Commissioner says he's pushing new deal on exhibit center

The downtown trade, exhibit and event center isn’t dead; the funding structure proposed by City Administrator Fred Russell just needs some changes, one of the city commissioners who voted against it said today.


Since a vote on the TEE center plan blew up into a heated argument and a split along racial lines Tuesday, Commissioner Corey Johnson has been working to bring his colleagues back to the table. He said he’s talked to Mr. Russell, commissioners Jerry Brigham, Don Grantham, Calvin Holland and Mayor Pro Tem Alvin Mason.

“We just ran into a little bump in the road,” Mr. Johnson said. “Sometimes the puzzle has to come apart to be put back together.”

Mr. Russell’s plan involved a new 5-member Urban Redevelopment Authority issuing $26 million in bonds to build a $38 million exposition center and a $17 million parking deck. Voters approved $20 million for the TEE center in 2005.

The authority would issue another $9 million in bonds to jump-start revitalization of the Laney-Walker and Bethlehem neighborhoods. Inner city redevelopment projects will earn $37.5 million over 50 years from a $1 per night hotel fee, which was conceived as a compromise to get a sixth vote from Commissioner Betty Beard to fund the TEE center’s Reynolds Street site and operating agreement with Augusta Riverfront LLC in 2007.

Mr. Johnson said he wants the parking deck and the new development authority taken out of the plan.

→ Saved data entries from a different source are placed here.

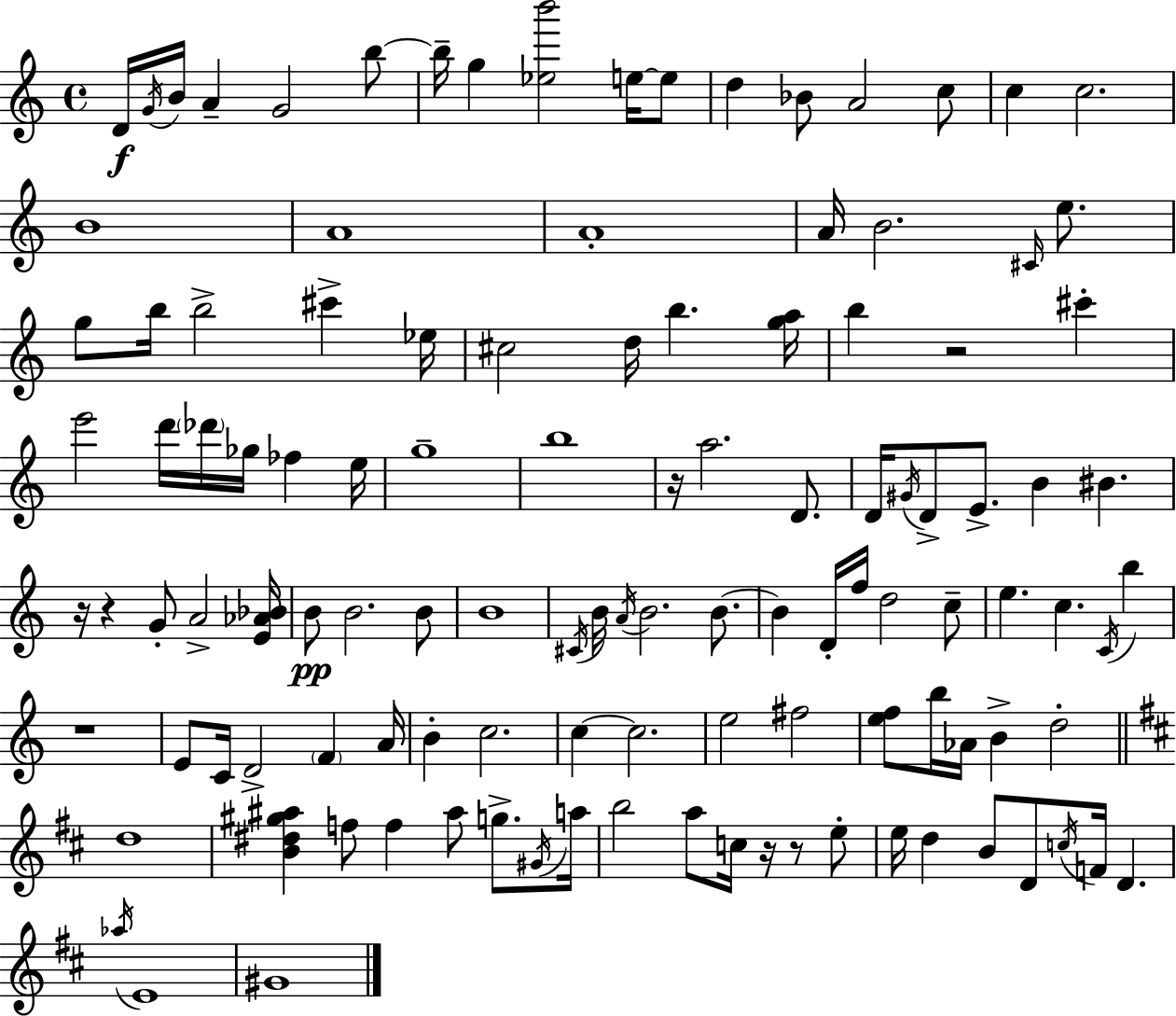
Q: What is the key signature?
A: A minor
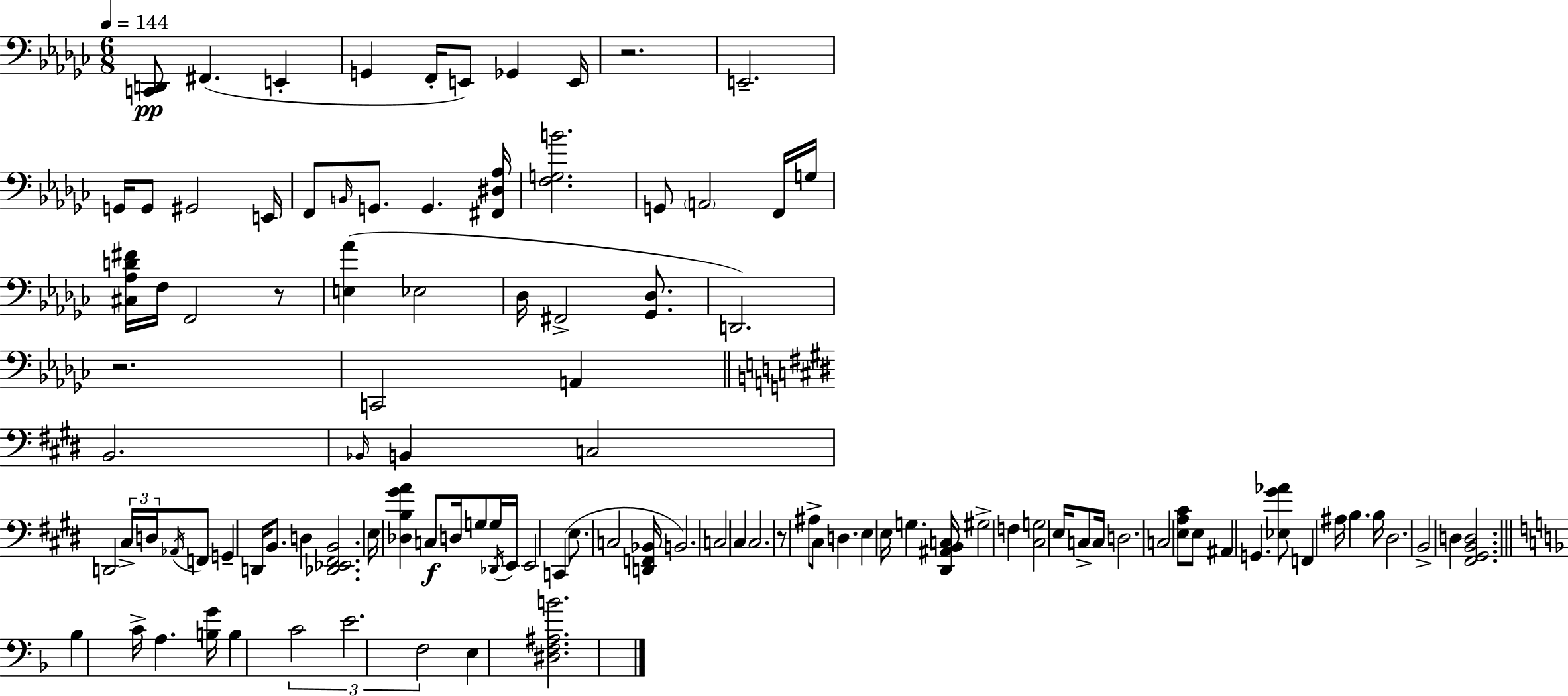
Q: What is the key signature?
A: EES minor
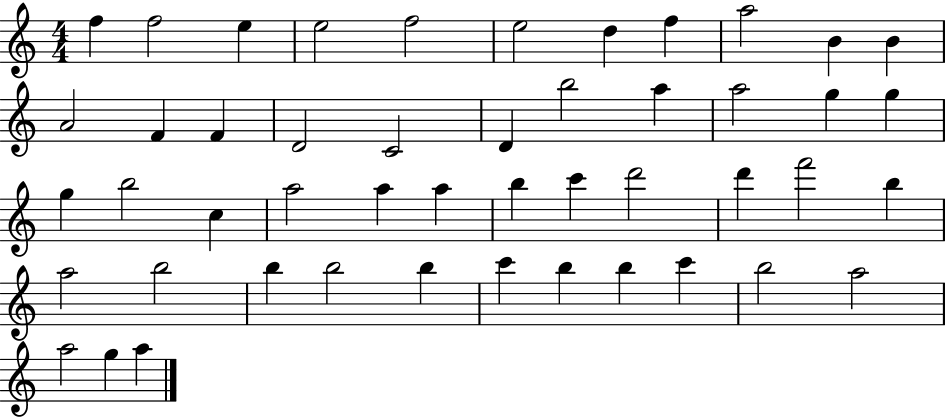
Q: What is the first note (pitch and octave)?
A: F5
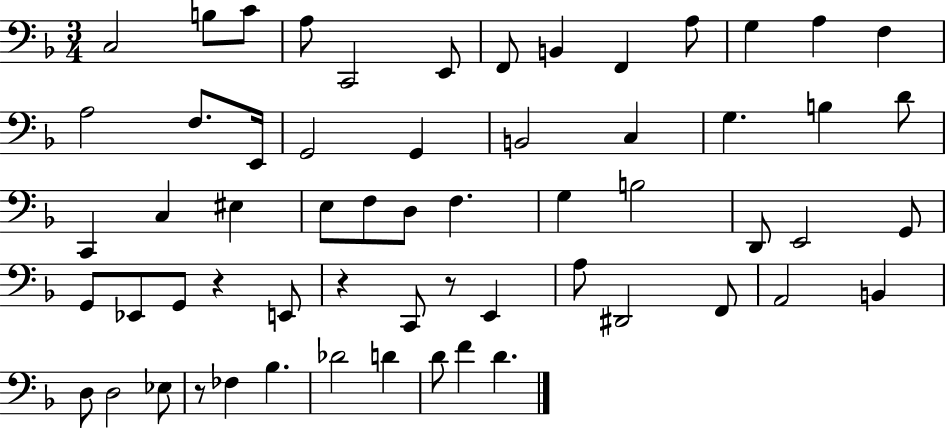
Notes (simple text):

“That was never discussed,” he said of the garage.

The city shouldn’t be issuing $17 million of debt for that while the economy is so rotten, he said. The Downtown Development Authority should build it, and maybe in a few years it could partner with one of the hotel operators, Mr. Johnson said.

The DDA should also issue the bonds, he said, rather than starting a new bureaucracy and bringing in a new set of disparate personalities to oversee millions of dollars.

“I think that with what we already have in place, we can get the same results,” Mr. Johnson said.

Mr. Grantham said he and Mr. Johnson are trying to set up meetings between commissioners. Mr. Grantham said he’d be willing to take out the parking deck and the new authority if that’s what it takes, though Mr. Russell added those components on advice from bond counsel and financial advisers, who said it would save money in the long run and help the projects move forward faster.

Public talks on the plan will begin on Monday, when a proposal to kill the $1 hotel fee is on the Finance committee meeting agenda.

Commissioner J.R. Hatney contended Tuesday that the neighborhood projects can go forward – without the TEE center – because that money has been approved, but Commissioner Jerry Brigham says collecting the hotel fee might be illegal if it’s not going toward tourism.

“What we’re gonna’ have to do is talk,” Mr. Johnson said. “What happened with this plan, and what we can do to make it right.”